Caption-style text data
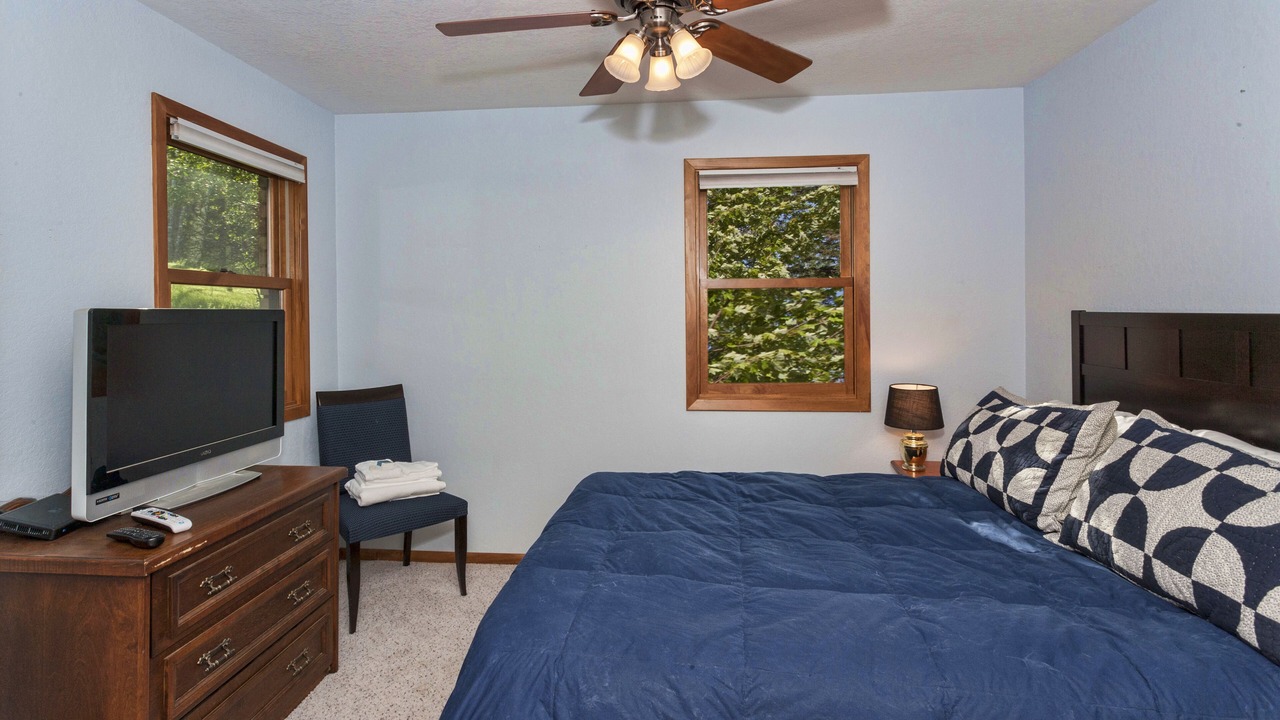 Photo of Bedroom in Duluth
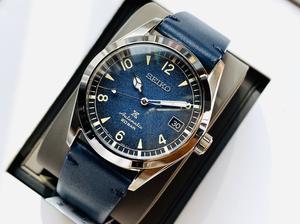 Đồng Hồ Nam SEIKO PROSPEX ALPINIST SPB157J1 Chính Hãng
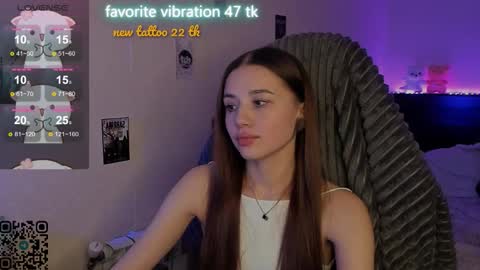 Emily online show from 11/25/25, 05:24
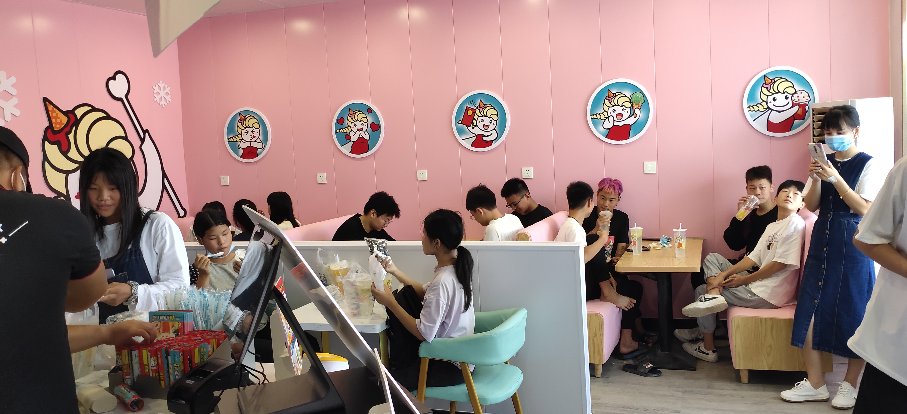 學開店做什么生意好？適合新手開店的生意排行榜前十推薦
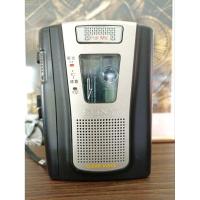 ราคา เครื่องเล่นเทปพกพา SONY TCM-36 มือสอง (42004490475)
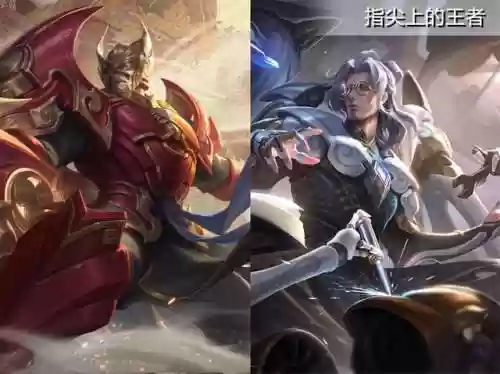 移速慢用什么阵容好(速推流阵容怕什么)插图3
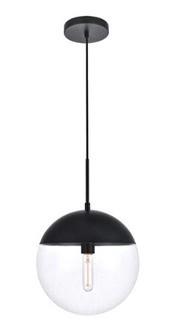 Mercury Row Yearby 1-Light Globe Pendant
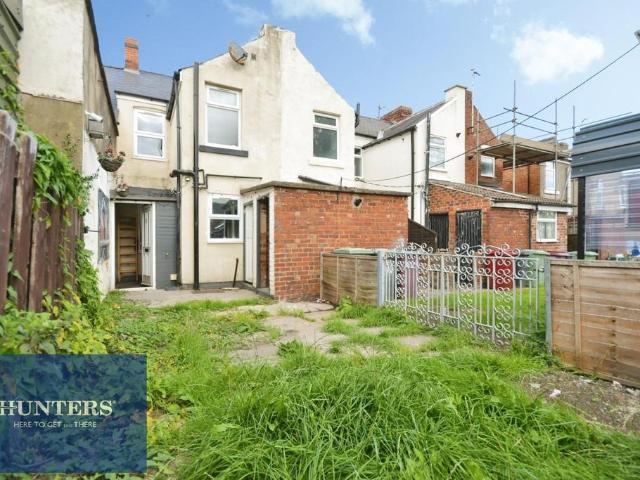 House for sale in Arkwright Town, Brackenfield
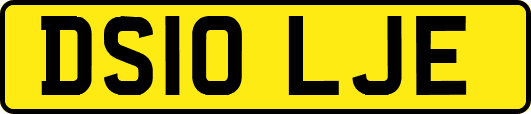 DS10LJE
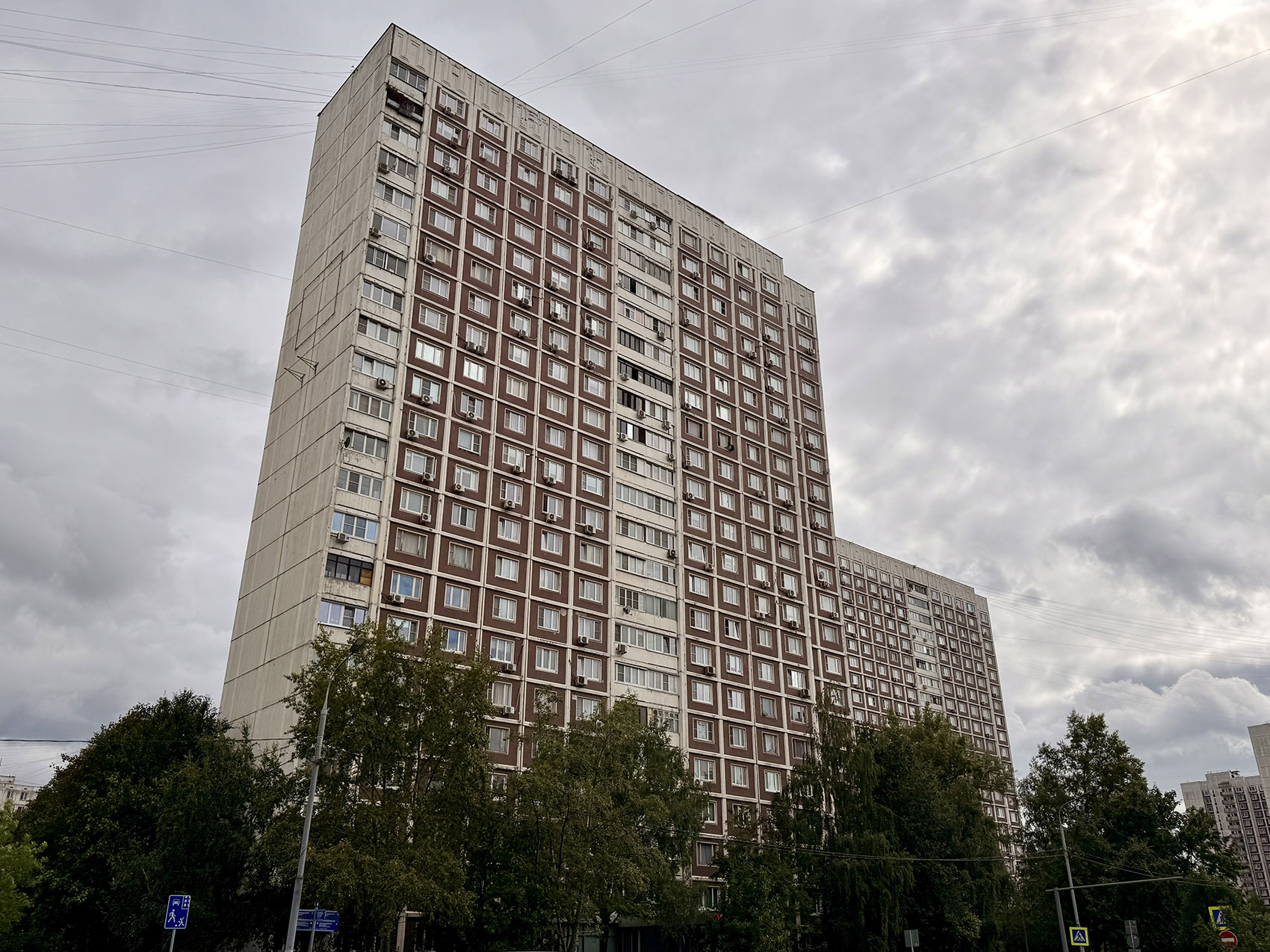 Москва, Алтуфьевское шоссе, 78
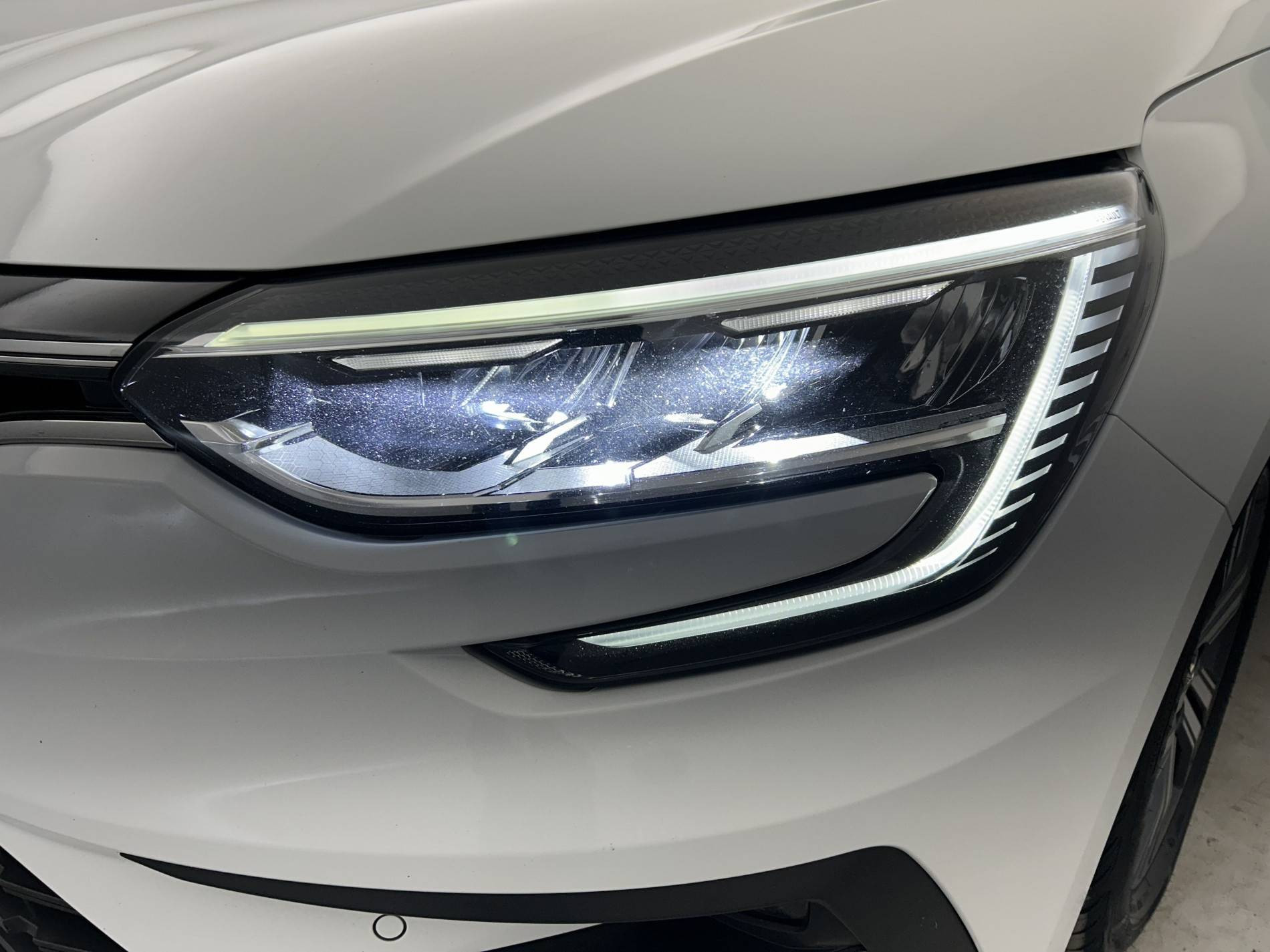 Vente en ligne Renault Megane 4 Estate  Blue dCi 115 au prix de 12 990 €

- Exercise prompt -
Write out the records above exactly as they stand, leaving out every picture.

- Exercise output -
 Photo of Bedroom in Duluth
 Đồng Hồ Nam SEIKO PROSPEX ALPINIST SPB157J1 Chính Hãng
 Emily online show from 11/25/25, 05:24
 學開店做什么生意好？適合新手開店的生意排行榜前十推薦
 ราคา เครื่องเล่นเทปพกพา SONY TCM-36 มือสอง (42004490475)
 移速慢用什么阵容好(速推流阵容怕什么)插图3
 Mercury Row Yearby 1-Light Globe Pendant
 House for sale in Arkwright Town, Brackenfield
 DS10LJE
 Москва, Алтуфьевское шоссе, 78
 Vente en ligne Renault Megane 4 Estate  Blue dCi 115 au prix de 12 990 €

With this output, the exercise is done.